> **WHAT YOU SHOULD DO**: Your answer should be the lines below from the one with "A relief on" to the one with "a view of a living room with a large window", both included, given again exactly and with nothing added.

(Source data)
_ _ _ _ _ _ _

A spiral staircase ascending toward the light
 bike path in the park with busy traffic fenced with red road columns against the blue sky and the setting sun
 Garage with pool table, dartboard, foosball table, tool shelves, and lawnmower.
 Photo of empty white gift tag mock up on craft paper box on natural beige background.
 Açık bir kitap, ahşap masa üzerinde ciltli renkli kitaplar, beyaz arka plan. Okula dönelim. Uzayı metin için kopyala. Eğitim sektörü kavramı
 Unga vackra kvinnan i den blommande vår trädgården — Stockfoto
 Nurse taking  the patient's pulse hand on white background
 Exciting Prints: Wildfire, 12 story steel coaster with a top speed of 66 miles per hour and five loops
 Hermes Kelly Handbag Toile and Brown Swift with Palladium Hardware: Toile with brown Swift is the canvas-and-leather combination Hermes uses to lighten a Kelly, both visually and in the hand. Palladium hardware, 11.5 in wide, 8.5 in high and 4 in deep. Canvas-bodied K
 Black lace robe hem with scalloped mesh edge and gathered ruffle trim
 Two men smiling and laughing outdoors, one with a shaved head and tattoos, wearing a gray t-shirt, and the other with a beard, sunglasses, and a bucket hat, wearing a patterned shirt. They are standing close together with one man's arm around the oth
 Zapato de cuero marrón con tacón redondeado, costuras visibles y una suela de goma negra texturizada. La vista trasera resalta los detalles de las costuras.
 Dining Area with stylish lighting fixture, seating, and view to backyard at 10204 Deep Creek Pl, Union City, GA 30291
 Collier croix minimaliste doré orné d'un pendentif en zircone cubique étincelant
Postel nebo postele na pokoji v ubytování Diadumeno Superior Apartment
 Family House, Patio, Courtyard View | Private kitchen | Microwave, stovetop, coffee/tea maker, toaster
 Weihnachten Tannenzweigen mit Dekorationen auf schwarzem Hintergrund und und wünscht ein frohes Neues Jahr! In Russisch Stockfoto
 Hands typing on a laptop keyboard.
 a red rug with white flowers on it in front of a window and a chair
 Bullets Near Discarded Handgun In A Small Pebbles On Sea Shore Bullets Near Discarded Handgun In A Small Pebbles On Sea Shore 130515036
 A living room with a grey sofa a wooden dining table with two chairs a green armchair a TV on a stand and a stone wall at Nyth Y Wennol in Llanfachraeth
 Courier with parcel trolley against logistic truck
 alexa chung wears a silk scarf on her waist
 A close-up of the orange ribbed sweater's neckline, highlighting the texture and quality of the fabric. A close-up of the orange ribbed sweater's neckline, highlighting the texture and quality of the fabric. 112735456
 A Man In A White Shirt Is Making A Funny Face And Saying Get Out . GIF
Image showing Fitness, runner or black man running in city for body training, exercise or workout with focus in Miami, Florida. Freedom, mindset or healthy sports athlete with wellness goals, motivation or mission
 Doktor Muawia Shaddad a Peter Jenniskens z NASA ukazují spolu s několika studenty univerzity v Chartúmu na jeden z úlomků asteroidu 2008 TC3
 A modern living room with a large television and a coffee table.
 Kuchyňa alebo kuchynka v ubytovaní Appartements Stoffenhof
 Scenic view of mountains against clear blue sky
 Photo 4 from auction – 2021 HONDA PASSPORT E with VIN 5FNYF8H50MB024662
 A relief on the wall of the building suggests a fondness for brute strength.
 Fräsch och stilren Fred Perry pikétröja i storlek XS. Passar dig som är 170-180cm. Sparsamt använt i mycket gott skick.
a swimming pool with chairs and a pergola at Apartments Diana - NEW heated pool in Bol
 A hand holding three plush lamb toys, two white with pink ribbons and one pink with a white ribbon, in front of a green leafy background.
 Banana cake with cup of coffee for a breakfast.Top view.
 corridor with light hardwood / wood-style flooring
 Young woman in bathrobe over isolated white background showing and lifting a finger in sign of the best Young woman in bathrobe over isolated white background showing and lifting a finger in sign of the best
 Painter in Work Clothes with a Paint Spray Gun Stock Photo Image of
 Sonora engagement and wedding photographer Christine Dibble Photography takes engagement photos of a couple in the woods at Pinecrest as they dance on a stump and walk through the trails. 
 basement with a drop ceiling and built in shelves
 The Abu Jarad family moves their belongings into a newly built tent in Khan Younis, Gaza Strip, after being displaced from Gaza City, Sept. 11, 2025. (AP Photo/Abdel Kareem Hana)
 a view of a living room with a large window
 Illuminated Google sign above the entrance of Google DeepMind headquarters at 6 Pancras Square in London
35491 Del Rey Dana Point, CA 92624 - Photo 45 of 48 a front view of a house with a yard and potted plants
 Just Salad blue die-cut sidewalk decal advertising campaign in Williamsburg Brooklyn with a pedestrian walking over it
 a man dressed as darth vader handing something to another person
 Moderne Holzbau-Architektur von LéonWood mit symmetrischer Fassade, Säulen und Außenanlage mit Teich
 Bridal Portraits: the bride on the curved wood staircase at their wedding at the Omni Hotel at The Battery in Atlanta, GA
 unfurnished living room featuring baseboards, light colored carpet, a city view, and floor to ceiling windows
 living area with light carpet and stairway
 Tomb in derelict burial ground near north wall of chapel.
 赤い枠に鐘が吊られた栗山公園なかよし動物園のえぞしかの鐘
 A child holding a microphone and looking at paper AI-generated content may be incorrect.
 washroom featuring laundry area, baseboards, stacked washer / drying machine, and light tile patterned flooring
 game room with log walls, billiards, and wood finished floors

_ _ _ _ _ _ _

> **FINISHED TASK**:
 A relief on the wall of the building suggests a fondness for brute strength.
 Fräsch och stilren Fred Perry pikétröja i storlek XS. Passar dig som är 170-180cm. Sparsamt använt i mycket gott skick.
a swimming pool with chairs and a pergola at Apartments Diana - NEW heated pool in Bol
 A hand holding three plush lamb toys, two white with pink ribbons and one pink with a white ribbon, in front of a green leafy background.
 Banana cake with cup of coffee for a breakfast.Top view.
 corridor with light hardwood / wood-style flooring
 Young woman in bathrobe over isolated white background showing and lifting a finger in sign of the best Young woman in bathrobe over isolated white background showing and lifting a finger in sign of the best
 Painter in Work Clothes with a Paint Spray Gun Stock Photo Image of
 Sonora engagement and wedding photographer Christine Dibble Photography takes engagement photos of a couple in the woods at Pinecrest as they dance on a stump and walk through the trails. 
 basement with a drop ceiling and built in shelves
 The Abu Jarad family moves their belongings into a newly built tent in Khan Younis, Gaza Strip, after being displaced from Gaza City, Sept. 11, 2025. (AP Photo/Abdel Kareem Hana)
 a view of a living room with a large window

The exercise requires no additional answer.